→ Recorded information:
::::::::::
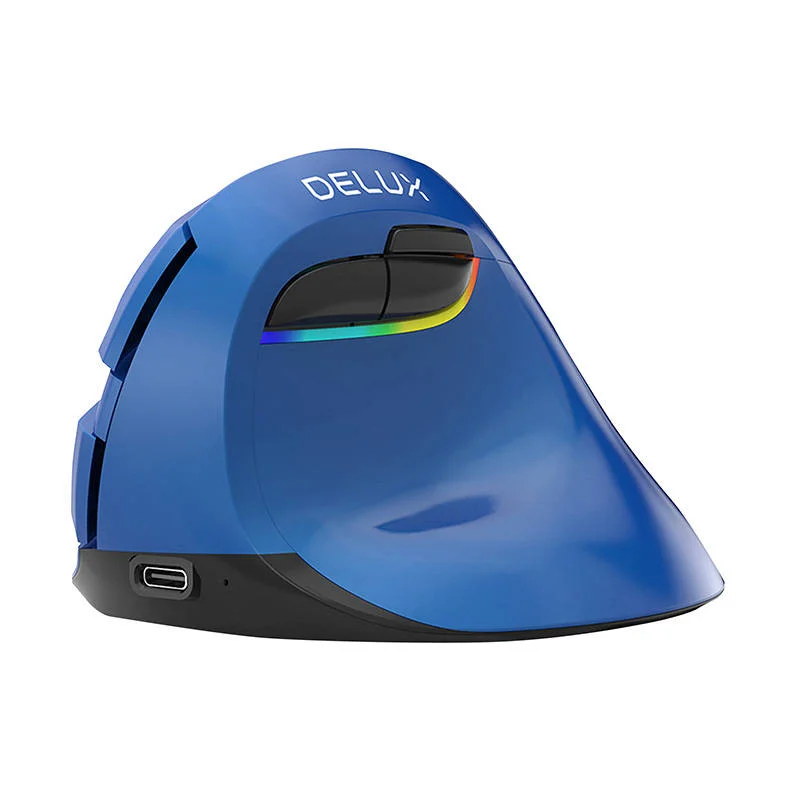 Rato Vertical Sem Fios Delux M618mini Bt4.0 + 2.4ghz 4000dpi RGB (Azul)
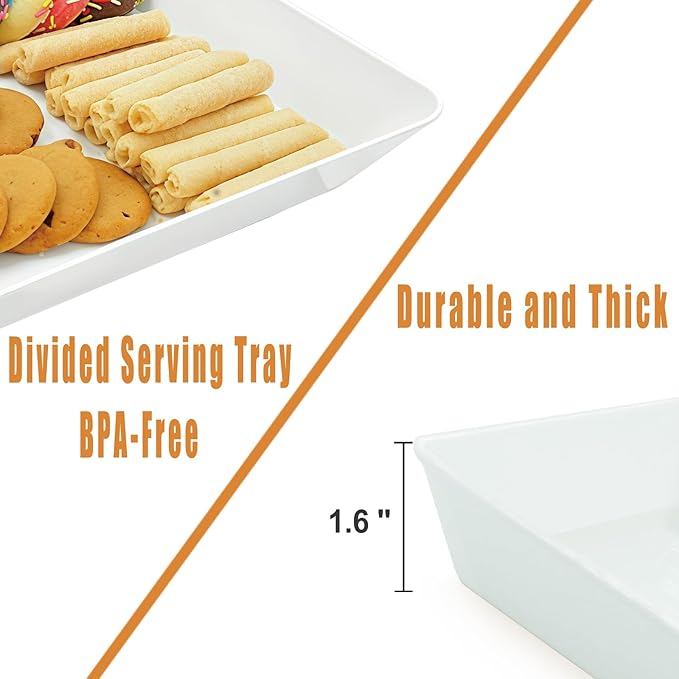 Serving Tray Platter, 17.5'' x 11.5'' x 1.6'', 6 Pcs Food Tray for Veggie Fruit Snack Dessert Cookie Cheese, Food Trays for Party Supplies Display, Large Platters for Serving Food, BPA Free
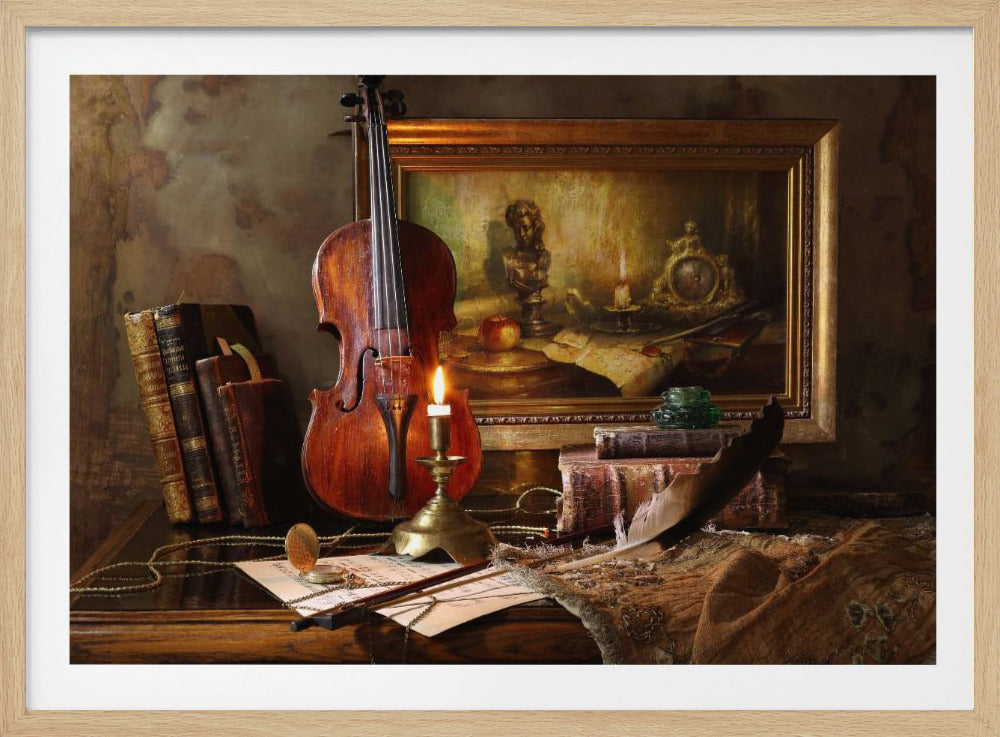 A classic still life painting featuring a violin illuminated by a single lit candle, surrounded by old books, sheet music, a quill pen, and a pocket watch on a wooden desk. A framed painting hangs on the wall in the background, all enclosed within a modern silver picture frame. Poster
::::::::::
→ Prompt:
Print only the lines from the one with "Serving Tray Platter, 17.5''" through the last line of the data above, exactly and with both ends, and please omit any pictures.

→ Exercise solution:
 Serving Tray Platter, 17.5'' x 11.5'' x 1.6'', 6 Pcs Food Tray for Veggie Fruit Snack Dessert Cookie Cheese, Food Trays for Party Supplies Display, Large Platters for Serving Food, BPA Free
 A classic still life painting featuring a violin illuminated by a single lit candle, surrounded by old books, sheet music, a quill pen, and a pocket watch on a wooden desk. A framed painting hangs on the wall in the background, all enclosed within a modern silver picture frame. Poster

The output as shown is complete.